**RECORDS PROVIDED:**
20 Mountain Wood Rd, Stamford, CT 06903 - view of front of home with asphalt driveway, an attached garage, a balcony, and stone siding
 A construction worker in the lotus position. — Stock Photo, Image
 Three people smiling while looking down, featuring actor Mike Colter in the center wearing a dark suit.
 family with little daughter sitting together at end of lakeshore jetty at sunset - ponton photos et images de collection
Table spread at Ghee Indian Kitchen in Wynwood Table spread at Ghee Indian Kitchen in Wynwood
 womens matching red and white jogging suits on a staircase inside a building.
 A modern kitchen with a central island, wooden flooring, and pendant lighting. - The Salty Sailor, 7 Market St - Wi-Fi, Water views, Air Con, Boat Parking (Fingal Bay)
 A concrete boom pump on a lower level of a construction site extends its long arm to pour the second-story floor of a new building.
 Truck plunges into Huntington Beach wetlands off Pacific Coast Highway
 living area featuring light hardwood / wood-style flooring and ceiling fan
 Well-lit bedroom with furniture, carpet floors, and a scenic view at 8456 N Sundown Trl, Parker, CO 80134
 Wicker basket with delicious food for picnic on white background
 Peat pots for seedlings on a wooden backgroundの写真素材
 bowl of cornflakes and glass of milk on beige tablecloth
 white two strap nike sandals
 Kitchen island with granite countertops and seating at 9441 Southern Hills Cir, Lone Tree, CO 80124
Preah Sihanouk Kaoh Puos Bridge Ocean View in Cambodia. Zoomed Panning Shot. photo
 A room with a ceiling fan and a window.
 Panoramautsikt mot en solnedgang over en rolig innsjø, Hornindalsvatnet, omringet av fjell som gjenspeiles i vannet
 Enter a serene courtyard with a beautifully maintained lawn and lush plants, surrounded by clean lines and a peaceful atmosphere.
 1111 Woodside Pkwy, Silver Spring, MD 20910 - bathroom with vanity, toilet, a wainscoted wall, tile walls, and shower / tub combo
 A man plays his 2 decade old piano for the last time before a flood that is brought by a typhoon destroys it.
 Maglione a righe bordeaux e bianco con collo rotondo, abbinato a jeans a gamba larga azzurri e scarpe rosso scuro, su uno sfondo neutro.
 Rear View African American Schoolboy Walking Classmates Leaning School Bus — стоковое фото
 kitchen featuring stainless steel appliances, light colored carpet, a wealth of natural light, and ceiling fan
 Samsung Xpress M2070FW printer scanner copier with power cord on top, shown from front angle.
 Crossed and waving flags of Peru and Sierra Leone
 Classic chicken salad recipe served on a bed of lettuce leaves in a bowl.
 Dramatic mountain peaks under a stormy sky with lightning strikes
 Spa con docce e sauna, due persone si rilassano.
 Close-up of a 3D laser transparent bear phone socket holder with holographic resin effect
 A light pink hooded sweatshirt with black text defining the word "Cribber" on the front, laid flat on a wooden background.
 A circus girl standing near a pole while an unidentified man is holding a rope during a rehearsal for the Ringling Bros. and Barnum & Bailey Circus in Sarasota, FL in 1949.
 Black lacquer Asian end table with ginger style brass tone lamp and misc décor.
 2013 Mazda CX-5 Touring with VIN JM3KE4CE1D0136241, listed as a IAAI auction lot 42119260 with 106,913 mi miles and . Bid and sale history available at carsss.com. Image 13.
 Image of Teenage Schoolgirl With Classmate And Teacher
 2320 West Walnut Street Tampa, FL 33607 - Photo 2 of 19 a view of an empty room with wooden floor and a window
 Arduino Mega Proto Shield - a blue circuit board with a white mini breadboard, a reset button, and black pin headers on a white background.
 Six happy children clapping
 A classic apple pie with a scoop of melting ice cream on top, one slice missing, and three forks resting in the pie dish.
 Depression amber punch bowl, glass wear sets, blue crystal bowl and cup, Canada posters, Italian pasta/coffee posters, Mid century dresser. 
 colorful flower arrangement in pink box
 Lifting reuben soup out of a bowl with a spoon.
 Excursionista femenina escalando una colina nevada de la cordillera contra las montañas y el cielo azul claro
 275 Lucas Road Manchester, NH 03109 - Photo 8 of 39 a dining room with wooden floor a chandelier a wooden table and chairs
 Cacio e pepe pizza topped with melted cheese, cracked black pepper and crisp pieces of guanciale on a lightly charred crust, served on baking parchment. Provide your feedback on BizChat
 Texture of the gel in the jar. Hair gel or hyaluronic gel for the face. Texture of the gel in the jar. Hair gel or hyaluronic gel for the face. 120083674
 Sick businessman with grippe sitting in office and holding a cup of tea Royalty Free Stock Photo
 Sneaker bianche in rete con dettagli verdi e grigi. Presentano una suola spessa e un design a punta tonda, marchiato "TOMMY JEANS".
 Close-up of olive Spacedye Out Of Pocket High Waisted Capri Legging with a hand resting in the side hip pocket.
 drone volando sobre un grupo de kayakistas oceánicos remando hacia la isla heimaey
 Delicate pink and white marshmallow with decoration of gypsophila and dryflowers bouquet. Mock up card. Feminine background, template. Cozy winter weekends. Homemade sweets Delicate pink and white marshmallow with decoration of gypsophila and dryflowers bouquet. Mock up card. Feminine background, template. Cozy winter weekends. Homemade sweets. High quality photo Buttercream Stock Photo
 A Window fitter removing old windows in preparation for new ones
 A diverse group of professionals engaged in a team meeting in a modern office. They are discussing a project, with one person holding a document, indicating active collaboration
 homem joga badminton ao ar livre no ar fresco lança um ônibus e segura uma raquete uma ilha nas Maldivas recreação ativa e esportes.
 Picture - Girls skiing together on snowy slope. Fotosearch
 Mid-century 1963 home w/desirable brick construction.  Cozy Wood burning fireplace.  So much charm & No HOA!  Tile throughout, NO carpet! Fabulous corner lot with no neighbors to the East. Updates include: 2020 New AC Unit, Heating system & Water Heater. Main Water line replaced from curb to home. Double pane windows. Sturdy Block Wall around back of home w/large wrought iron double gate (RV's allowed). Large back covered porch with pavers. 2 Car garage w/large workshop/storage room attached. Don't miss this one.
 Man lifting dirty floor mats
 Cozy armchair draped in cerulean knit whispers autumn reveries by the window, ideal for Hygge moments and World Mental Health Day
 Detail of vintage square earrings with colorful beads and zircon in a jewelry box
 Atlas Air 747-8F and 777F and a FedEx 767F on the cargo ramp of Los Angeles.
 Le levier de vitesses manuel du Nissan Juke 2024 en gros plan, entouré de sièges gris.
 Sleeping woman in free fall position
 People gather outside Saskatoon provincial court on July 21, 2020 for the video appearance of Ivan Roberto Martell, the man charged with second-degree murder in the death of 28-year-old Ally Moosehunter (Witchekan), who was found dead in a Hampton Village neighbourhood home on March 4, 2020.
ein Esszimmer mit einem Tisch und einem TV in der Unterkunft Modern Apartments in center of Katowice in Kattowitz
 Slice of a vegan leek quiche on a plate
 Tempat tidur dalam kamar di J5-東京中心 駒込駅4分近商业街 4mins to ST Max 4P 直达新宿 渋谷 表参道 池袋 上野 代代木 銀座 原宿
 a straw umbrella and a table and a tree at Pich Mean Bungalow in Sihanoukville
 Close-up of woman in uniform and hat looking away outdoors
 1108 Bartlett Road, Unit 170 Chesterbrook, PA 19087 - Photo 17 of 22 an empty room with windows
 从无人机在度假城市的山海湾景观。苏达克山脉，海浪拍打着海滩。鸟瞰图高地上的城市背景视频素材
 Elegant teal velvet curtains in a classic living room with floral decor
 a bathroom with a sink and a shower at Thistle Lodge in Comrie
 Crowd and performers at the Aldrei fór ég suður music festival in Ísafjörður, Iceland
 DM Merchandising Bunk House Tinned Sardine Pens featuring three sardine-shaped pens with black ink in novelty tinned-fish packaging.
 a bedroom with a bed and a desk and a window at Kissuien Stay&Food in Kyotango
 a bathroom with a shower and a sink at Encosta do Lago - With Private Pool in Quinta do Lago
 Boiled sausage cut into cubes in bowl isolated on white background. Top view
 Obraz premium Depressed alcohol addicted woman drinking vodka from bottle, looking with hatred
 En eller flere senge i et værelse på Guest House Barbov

**DESCRIPTION OF THE TASK:** Return the lines above, from the one containing "a bathroom with a shower" to the end, exactly as they stand.

**YOUR SOLUTION:**
 a bathroom with a shower and a sink at Encosta do Lago - With Private Pool in Quinta do Lago
 Boiled sausage cut into cubes in bowl isolated on white background. Top view
 Obraz premium Depressed alcohol addicted woman drinking vodka from bottle, looking with hatred
 En eller flere senge i et værelse på Guest House Barbov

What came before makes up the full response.